Cero için Alien'ları tamamladık, sırası geldi, izledik.

Ben susuyorum, Führer konuşsun, zira düşüncelerimiz aynı.

6/10.


Monday, August 6, 2012

Submarine


Sevdiğim çok sayıda İngiliz'den bir diğeri olan Richard Ayoade'nin ilk yönetmenlik denemesi.

Bay Ayoade bu filmi Joe Dunthorne'un aynı adlı romanından uyarlamış, kendisi senaryolaştırmış, yönetmiş. Yakın ahbabı Alex Turner'dan da müzikler konusunda destek almış, ortaya bu güzel film çıkmış.

Film ergenlik dönemindeki Oliver'ın aile ilişkileri ve gönül işlerine yoğunlaşıyor. Anne-babasının arasındaki sorunlar ile taze ilişkisinin yaşadığı problemler birleşince o yaştaki bir çocuğun kaldırmasının çok zor olduğu bazı şeylerle karşılaşmış oluyor. Haliyle de kaldırdığı zaman oluyor, kaldıramadığı oluyor.

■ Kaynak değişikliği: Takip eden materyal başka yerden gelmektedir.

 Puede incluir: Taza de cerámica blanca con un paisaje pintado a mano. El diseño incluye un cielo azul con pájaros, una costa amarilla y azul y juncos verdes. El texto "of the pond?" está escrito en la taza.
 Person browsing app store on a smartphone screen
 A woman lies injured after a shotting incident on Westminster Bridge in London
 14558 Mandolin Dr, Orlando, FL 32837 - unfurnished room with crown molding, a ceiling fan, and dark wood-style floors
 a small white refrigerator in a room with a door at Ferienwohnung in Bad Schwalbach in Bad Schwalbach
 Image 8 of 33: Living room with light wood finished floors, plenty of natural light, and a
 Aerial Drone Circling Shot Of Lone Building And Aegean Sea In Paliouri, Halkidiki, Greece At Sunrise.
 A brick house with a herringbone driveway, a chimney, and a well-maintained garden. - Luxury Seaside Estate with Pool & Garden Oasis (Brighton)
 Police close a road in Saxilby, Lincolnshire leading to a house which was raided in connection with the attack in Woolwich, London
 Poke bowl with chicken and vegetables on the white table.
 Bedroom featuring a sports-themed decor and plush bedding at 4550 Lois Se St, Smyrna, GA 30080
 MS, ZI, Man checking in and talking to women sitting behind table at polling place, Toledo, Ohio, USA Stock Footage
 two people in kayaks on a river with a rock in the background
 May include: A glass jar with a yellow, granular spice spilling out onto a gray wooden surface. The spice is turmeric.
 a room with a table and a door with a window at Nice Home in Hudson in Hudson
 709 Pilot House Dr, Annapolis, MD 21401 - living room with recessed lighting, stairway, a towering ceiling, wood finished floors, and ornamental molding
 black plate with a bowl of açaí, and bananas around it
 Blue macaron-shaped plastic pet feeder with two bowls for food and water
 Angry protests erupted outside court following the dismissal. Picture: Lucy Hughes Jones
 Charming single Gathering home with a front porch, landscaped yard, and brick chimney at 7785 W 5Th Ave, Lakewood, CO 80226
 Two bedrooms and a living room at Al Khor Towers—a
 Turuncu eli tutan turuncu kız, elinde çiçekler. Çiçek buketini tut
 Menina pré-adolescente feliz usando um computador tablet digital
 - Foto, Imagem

Üzerine konuşmanın çok kolay olduğu bir film değil, esasında film bittiğinde 10 üzerinden 7 verirmişim gibi duran film, üzerinden iki gün geçince çok daha fazlasını hakediyor gibi gelmeye başladı. Yani o içimizde büyüyen filmlerden diyebiliriz.

Richard Ayoade'nin bu ilk uzun metrajlı yönetmenlik denemesi, bence kendisi altından çok iyi kalkmış. Başından geçen bazı şeyler ya da yakın çevresinde gözlemlediği durumlar üzerinden kurduğunu düşündüğüm metaforlar ve bunların peliküle aktarılması çok başarılı. Bir sonraki azıcık daha büyük ölçekli işi The Double için heyecanlandırıyor izlediğim bu film.

İngiltere sahileri, 8 mm film kareleri, Alex Turner'ın hoş melodilerini ve güzel hikayesi için izlenir. daha iyi kotarılır mıydı, kotarılabilirdi. Ama belki de Richard Ayoade 38 yaşına geldiğinde pek de önemi kalmayacak bir film çekmek istemiştir.

Tavsiye.

8/10

Saturday, July 28, 2012

The Dark Knight Rises


İlan edildiğinden beri beklediğimiz o gün geldi ve Nolan'ın Batman üçlemesinin kapanışını da dünya gözüyle izledik.

İlan edildiğinden beri beklediğimiz o gün dediğime bakmayın, çok yüksek beklentilerle gitmedim bu filme. Her ne kadar temel alır gibi olduğu Knightfall serisinin Batman evreninin en sağlam hikayelerinden biri olması, Jonathan Nolan gibi bir senaryo ustasının elinde hakkaten çizgiroman uyarlaması/süper kahraman filmi başyapıtlarından birini izlememiz umudunu uyandırsa da, The Dark Knight ile çıtanın yükseğe konması da beklentileri makul seviyelerde tutmak filmden alacağımız hazzı baltalamamak adına önemliydi.